Iowa’s tornado tally is below average in 2016, not that anyone’s complaining
August 10th, 2016 by Ric Hanson
It’s a below-average year for tornadoes in Iowa. While they can strike during any month of the year, the peak time for twisters in the state is usually during May and June. Kevin Skow, a meteorologist at the National Weather Service in metro Des Moines, says Iowans should not let their guard down as dark clouds could still spawn dangerous, swirling cyclones.
“So far this year, we’ve seen 33 tornadoes across the state and our average number of tornadoes is typically around 48 to 49 in a given year,” Skow says. “However, even though the bulk of our tornado season, the typical climatological peak is past, we can still see late-season outbreaks as was the case last year with our November 11th and even some December tornadoes. We’re certainly not out of the woods quite yet.”
Of the 33 tornadoes confirmed in Iowa this year, 24 of them were rated in the weakest category of E-F-zero, while seven were E-F-ones and only two got big enough to rank as E-F-twos. There have been no E-F-threes, fours or fives. “Most of our tornadoes, generally the vast majority, are weak EF-0,” Skow says. “They’re very short-lived and have path lengths a mile or two at best. Many times, they didn’t impact any structures and again, they’re very weak, which is what we’d like to see.”

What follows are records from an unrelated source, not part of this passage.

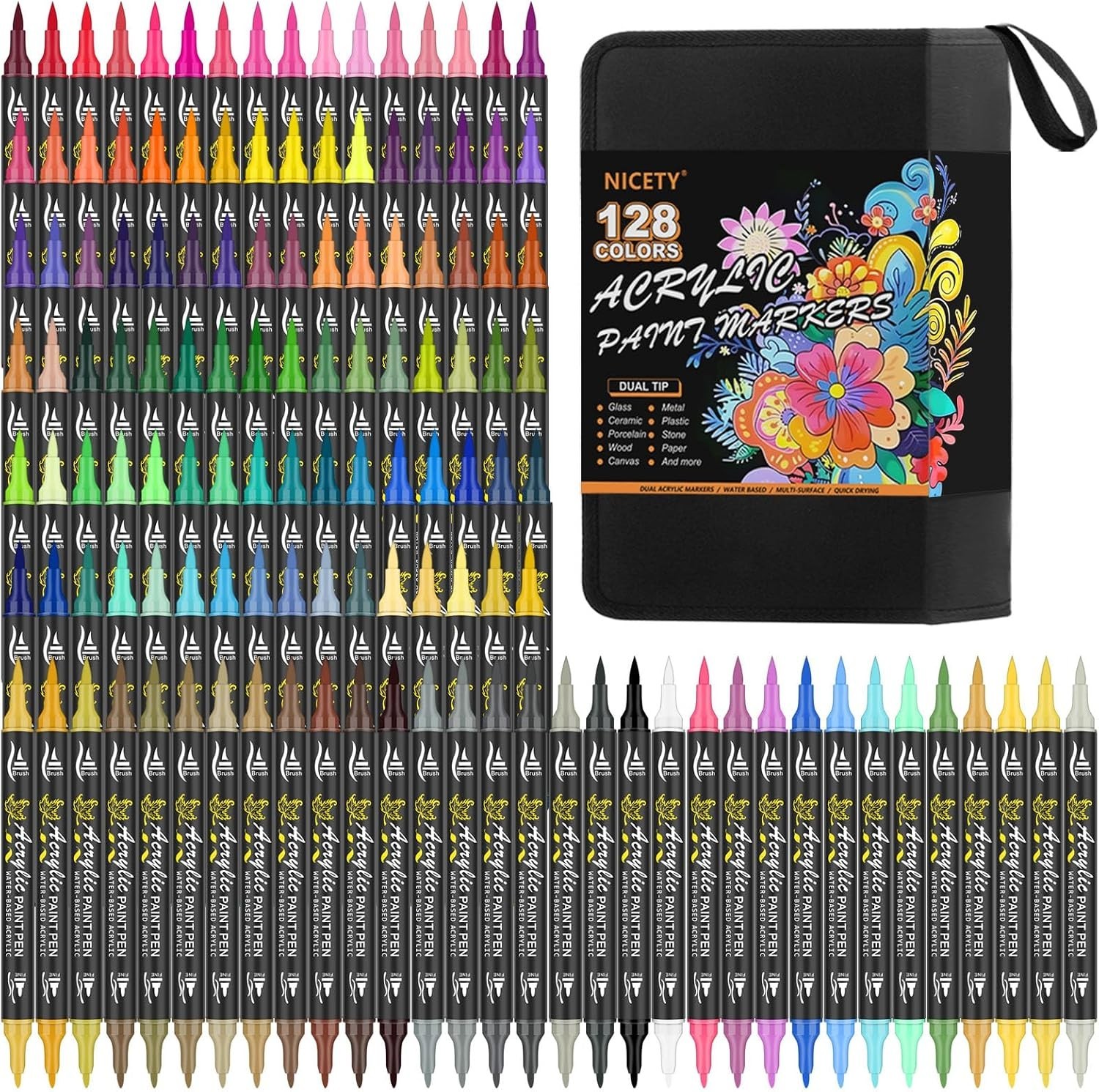 Multicolor Acrylic Paint Marker Set – 128 Dual Tip Pens for Diverse Art Projects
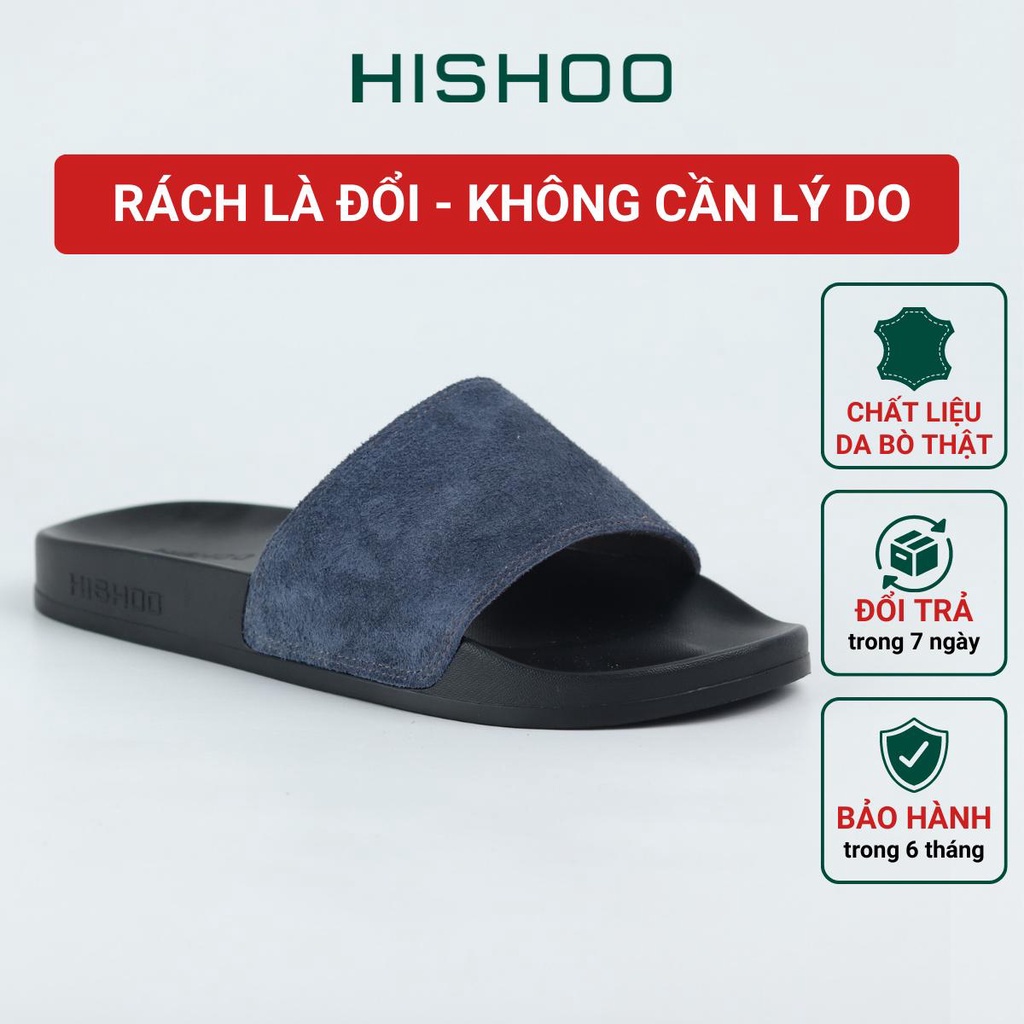 Dép quai ngang slipper Xanh dương cao cấp nam, nữ HISHOO siêu nhẹ da bò thật thời trang size 36 - 45 U099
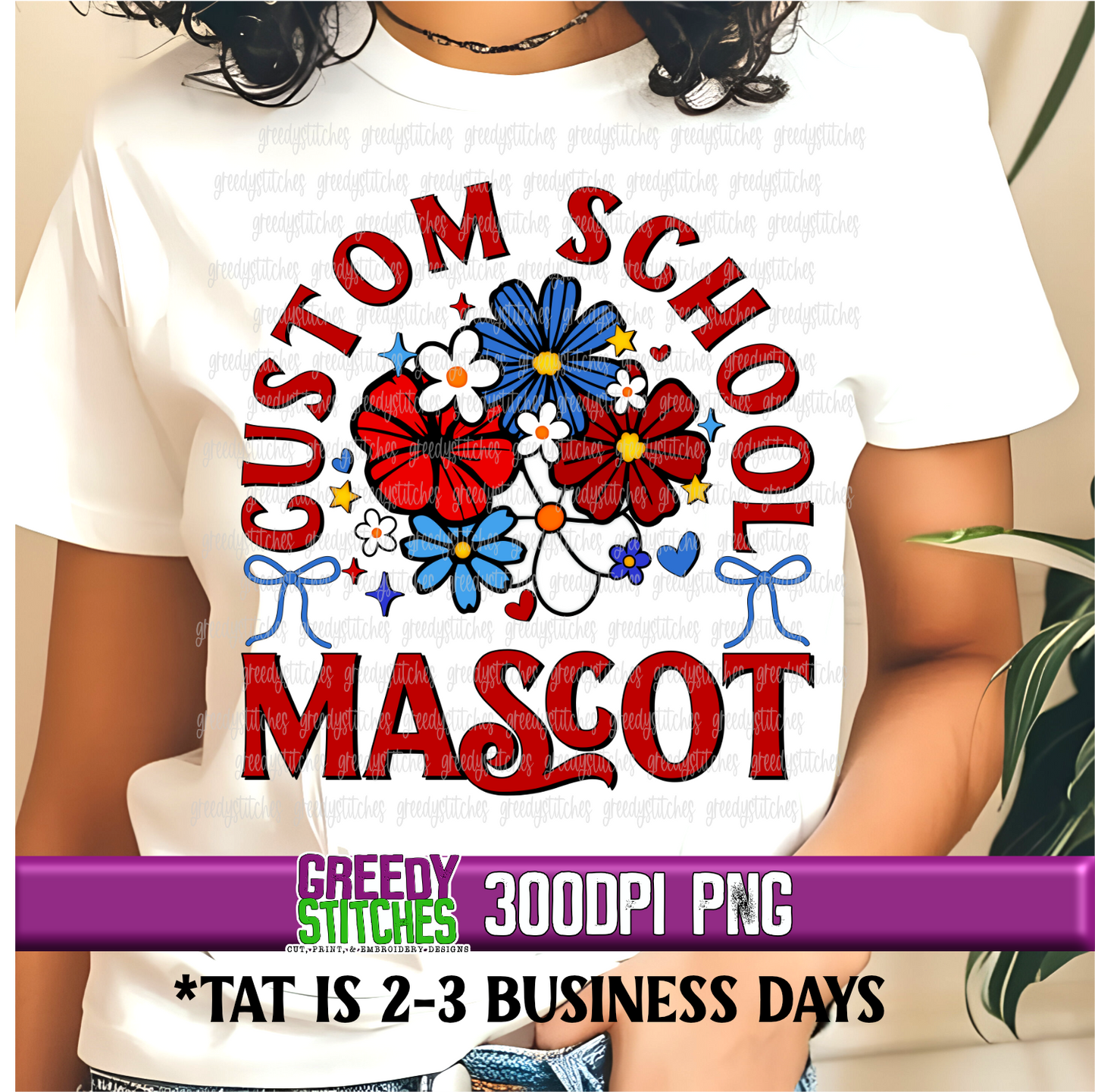 Custom Floral Mascot PNG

The first three confirmed tornadoes this year all touched down on March 15th in Scott and Clinton counties, while the most recent tornado was just last week in Council Bluffs. That twister on Thursday afternoon was a relatively rare “rope” tornado or waterspout that churned up Lake Manawa. Hundreds of people in the metro area saw it and took pictures and video, including one passenger on a jetliner landing at Eppley Airfield in Omaha.

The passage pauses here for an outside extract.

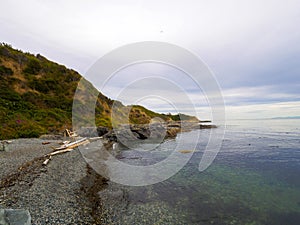 Rock beach by the pacific ocean coastline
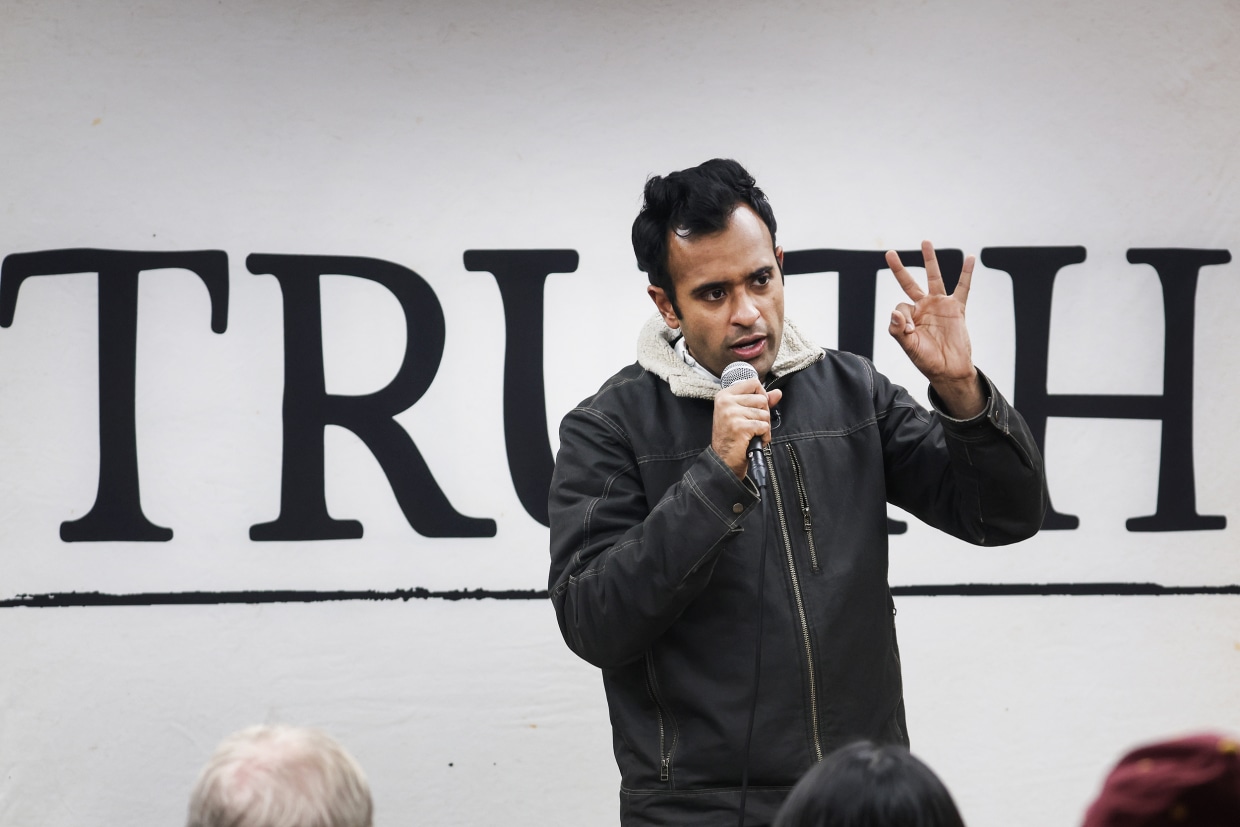 Republican presidential candidate and businessman Vivek Ramaswamy during a campaign stop in Webster City, Iowa on Dec. 19, 2023.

“We were very, very thankful it didn’t move anywhere,” Skow says. “It just sat out over the lake there and didn’t move. It didn’t impact anything. It was just stationary and lasted at least five to ten minutes.” Something else that’s unusual this year, there were two days where five tornadoes were reported on the same day: April 27th saw five twisters in southwestern Iowa and July 17th brought five more in eastern Iowa.